Variable types
Overview
In the context of automotive data analysis, a variable can be thought of as a (static) characteristic or a measurement that can change or vary over time. Variables can be used to describe different aspects of the environment or the vehicle itself, such as its position, speed, acceleration, size, distance, object type or colour.
Variables play a crucial role in automotive data analysis because they allow us to measure and quantify the behavior of a vehicle and its surroundings. By collecting and analyzing data on these variables, we can gain insights into how an (automated) vehicle is performing, identify critical situations, evaluate the sensor performance and finally reason about its safety.

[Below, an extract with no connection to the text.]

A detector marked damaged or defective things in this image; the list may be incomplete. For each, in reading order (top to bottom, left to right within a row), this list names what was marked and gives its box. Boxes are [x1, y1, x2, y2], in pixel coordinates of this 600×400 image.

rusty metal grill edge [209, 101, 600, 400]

It's important to note that variables in automotive data analysis can come in different forms, such as continuous variables (e.g., speed, size or acceleration) or categorical variables (e.g., material, colour and model of the vehicle).
Taxonomy
Categorical variables
Nominal variables are variables that have categories or labels with no inherent order or hierarchy. For example, in automotive data analysis, a nominal variable could be the make or model of a vehicle. Each vehicle belongs to a particular make and model category, but there is no inherent order or ranking between different categories.
Dichotomous variables are variables that have only two possible categories or values. For example, in automotive data analysis, a dichotomous variable could be whether a vehicle is electric or gasoline-powered. Dichotomous variables are often analyzed using binary logistic regression, which can help identify factors that are associated with the presence or absence of a particular category or value.

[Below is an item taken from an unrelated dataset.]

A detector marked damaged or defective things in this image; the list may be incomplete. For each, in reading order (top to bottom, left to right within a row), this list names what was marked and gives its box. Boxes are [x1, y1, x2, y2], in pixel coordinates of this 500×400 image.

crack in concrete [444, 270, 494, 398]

Ordinal variables, on the other hand, have categories or labels that can be ranked or ordered based on their relative value or magnitude. For example, in automotive data analysis, an ordinal variable could be the level of fuel efficiency of different vehicles, which can be ranked from most fuel-efficient to least fuel-efficient. Ordinal variables are analyzed using measures such as median and quartiles, which can provide insights into the central tendency and variability of the data.
Continuous variables
Another important type of variable in statistics is the continuous variable. Unlike nominal, ordinal, and dichotomous variables, which are categorical in nature, continuous variables are numerical and can take any value within a range.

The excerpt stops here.